We had some good sailing down the western coast of Madagascar. The winds are predictable and the waves are manageable. Here is Karen at the bow of YOLO under full sail.
More of the dark red dirt along the shores. It was the color of slabs of choice red meat.
The beaches here are beautiful. Not much development along them yet. Here we see the local boats pulled up onto the sand in front of a village.
Another view of the village waterfront.
Jason enjoying a sail, sitting in the shade of the genoa inthe afternoon.
Nosy Lava used to be an island penitentiary. We took the dinghy in at nearly low tide and had to leave it way off the beach and walk in to see the old ruins.
Jason walking ahead of me to reach the beach and the old buildings on Nosy Lava.
The old stone dock that used to see ships arrive. Now it, too, is in ruins.
Dry land and ruined buildings are all that is left here.
The prison gates. One is laying in the sand. We'd read that the old prison records were strewn about the place, but someone has picked them all up and cleaned them out as we saw no signs of paper or records anywhere.
The only two-story building still standing. A hawk screeched at us from the eves.
Here is the hawk looking at us.
The old prison buildings are pretty barren now. Just shells of stone and mortar.
Some of them still have the bars on the windows.
Karen making a break from the cell through one of the very few doors left here.
The toilet block. Holes in the rock sufficed for the purpose.
Hawks in the trees here. When I wandered the buildings, they dive-bombed me. They must be nesting somewhere here.
A rocked up window. Boards are too precious for such a purpose.
Some old rusted pieces of metal and wooden debris was all that was left in the rooms.
The roots and vines of the trees make this window look like it has bars, but it is only the vines hanging beyond it.
Real bars are still on this window but you can see the aging and wear from Mother Nature after a few years.
This is a cotton plant I saw outside one of the buildings. There weren't enough of them to be a crop, but it seemed strange to see the white bolls of cotton here.
More ruined buildings, now just piles of rocks.
An arched window still standing.
The prison beachfront.
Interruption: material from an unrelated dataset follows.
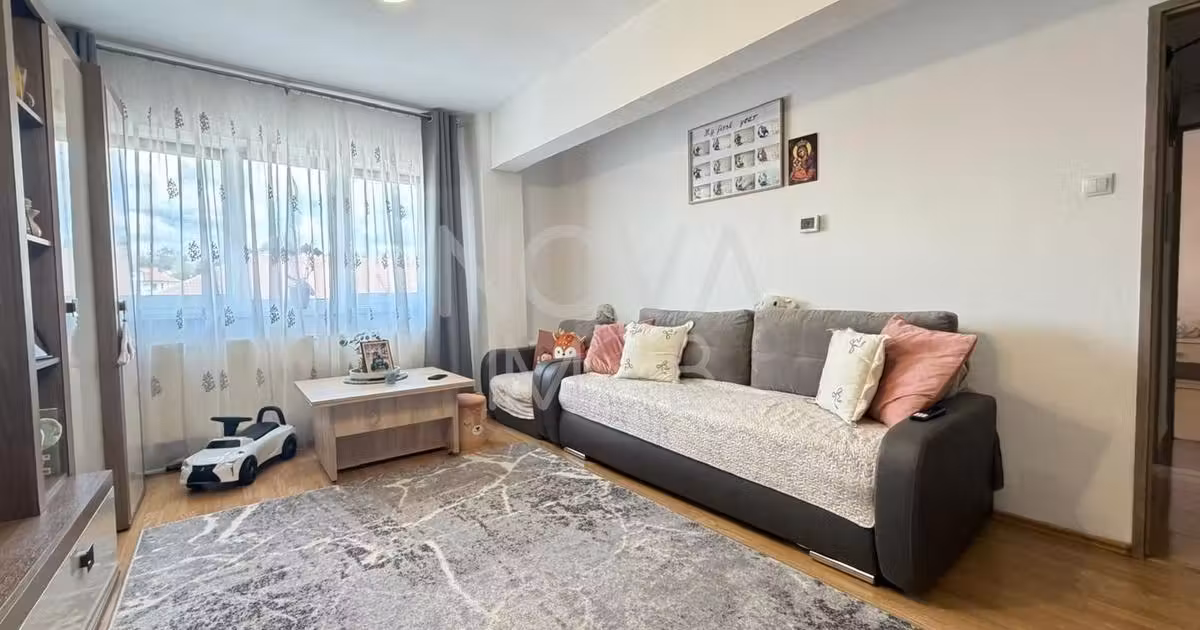 Apartament de vânzare cu 2 camere, mobilat în zona Ștrand, Sibiu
That tiny dot in the middle of the picture is our dinghy. The tide is waaaay out now and we had to drag the dinghy quite a ways to get it back in the water.
Looking down the beach the other way, there is a river that feeds into the bay here.
The river coming into the bay. Another ruin stood here, too.
Our first sighting of the baobab trees growing right out of the rocks at Moramba Bay, our next destination.
These karst islands in Moramba Bay were a surprise after the mangroves and beaches from the previous anchorages.
These mushroom-like islands are similar to Palau. The water undercuts the limestone and makes them look like they are on pedestals at low tide.
A shallow water channel between two island and a hole in the wall of the one behind. This was our view as we rounded one island to find the anchorage behind them in Moramba Bay.